Dataset content:
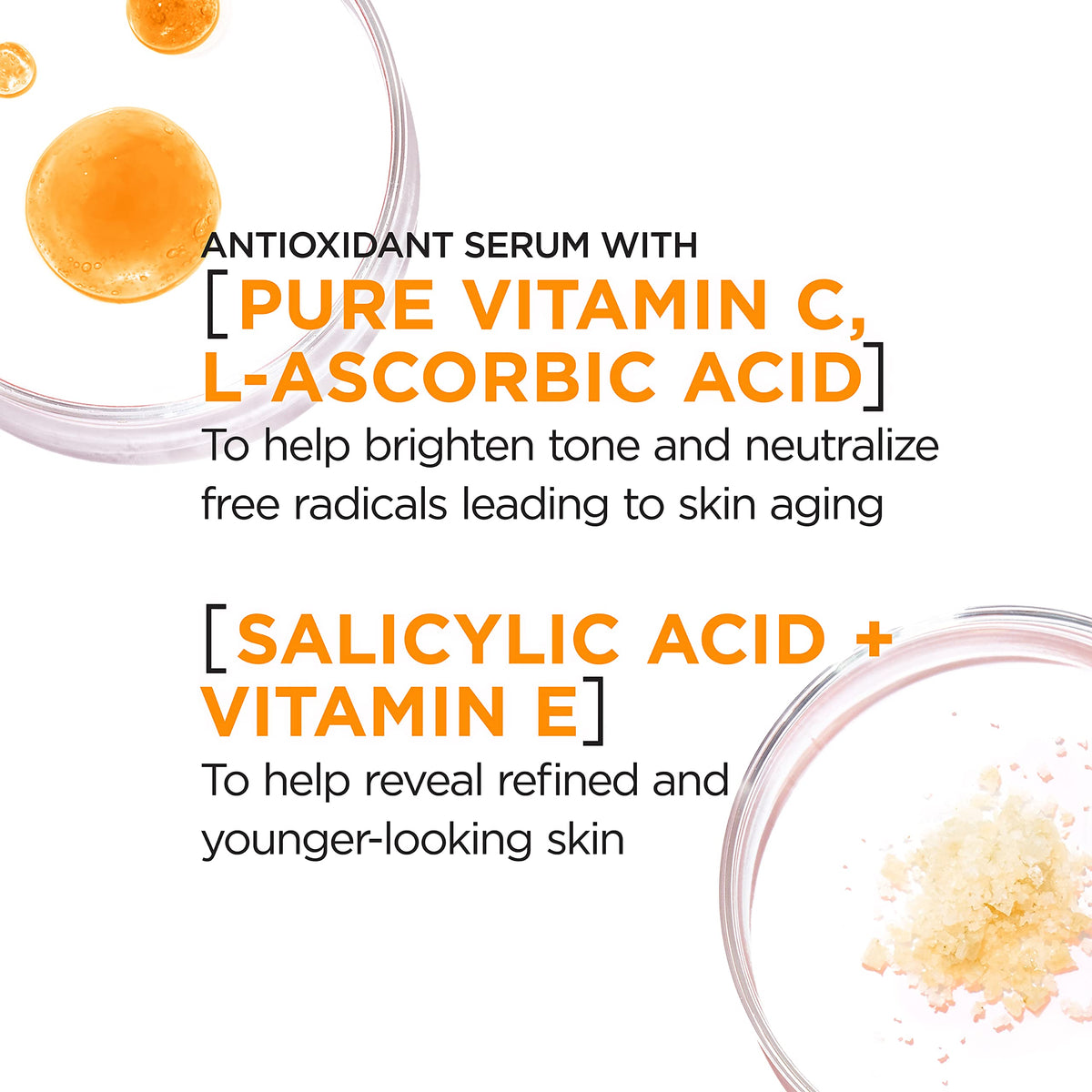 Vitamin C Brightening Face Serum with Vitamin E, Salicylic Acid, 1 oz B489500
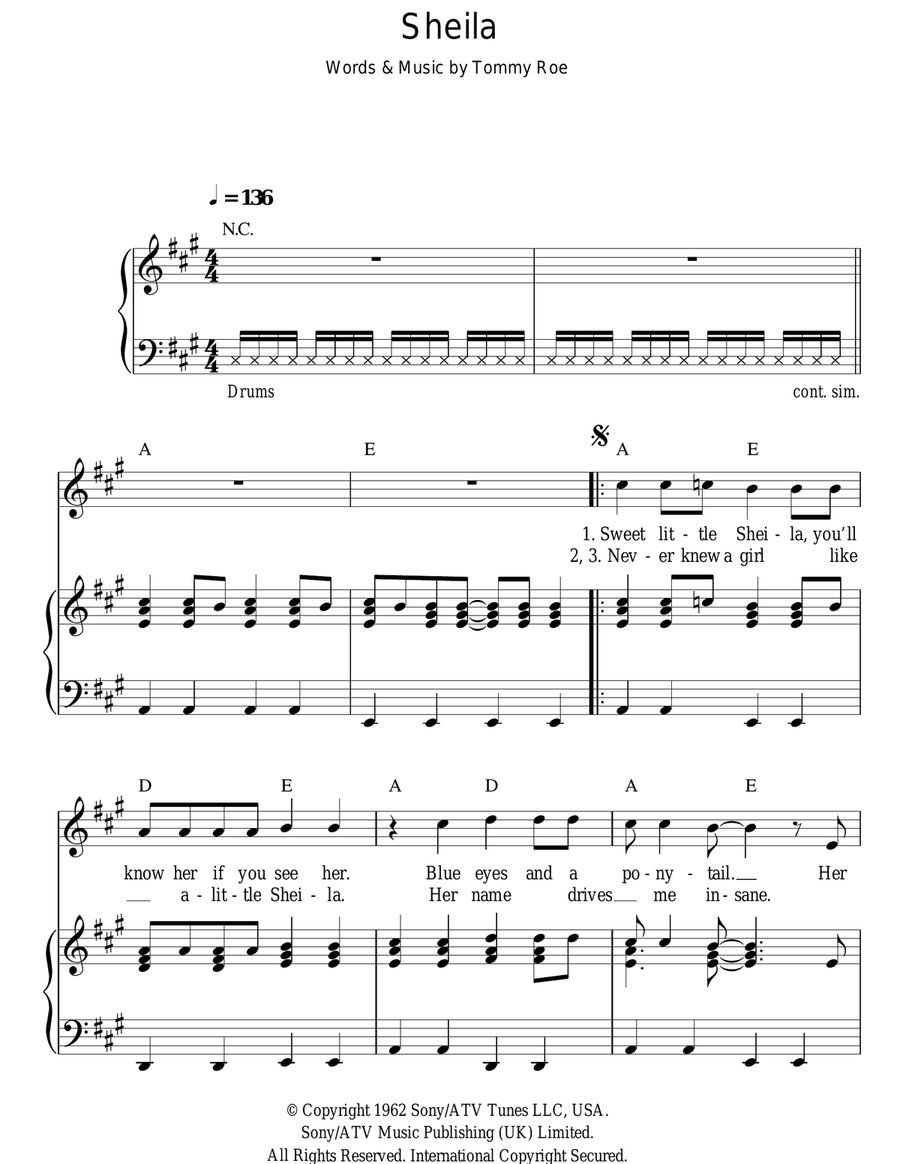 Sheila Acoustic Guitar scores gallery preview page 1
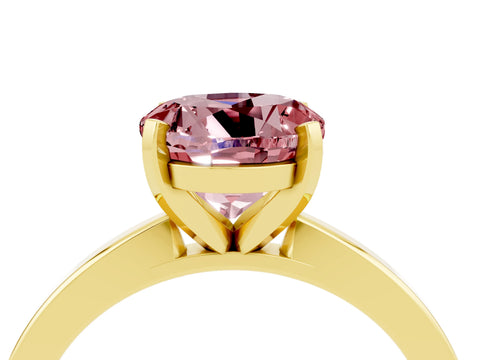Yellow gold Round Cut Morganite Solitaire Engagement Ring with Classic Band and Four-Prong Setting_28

Exercise prompt: Write the material out again exactly. Do not include the pictures.

Output for this task:
 Vitamin C Brightening Face Serum with Vitamin E, Salicylic Acid, 1 oz B489500
 Sheila Acoustic Guitar scores gallery preview page 1
Yellow gold Round Cut Morganite Solitaire Engagement Ring with Classic Band and Four-Prong Setting_28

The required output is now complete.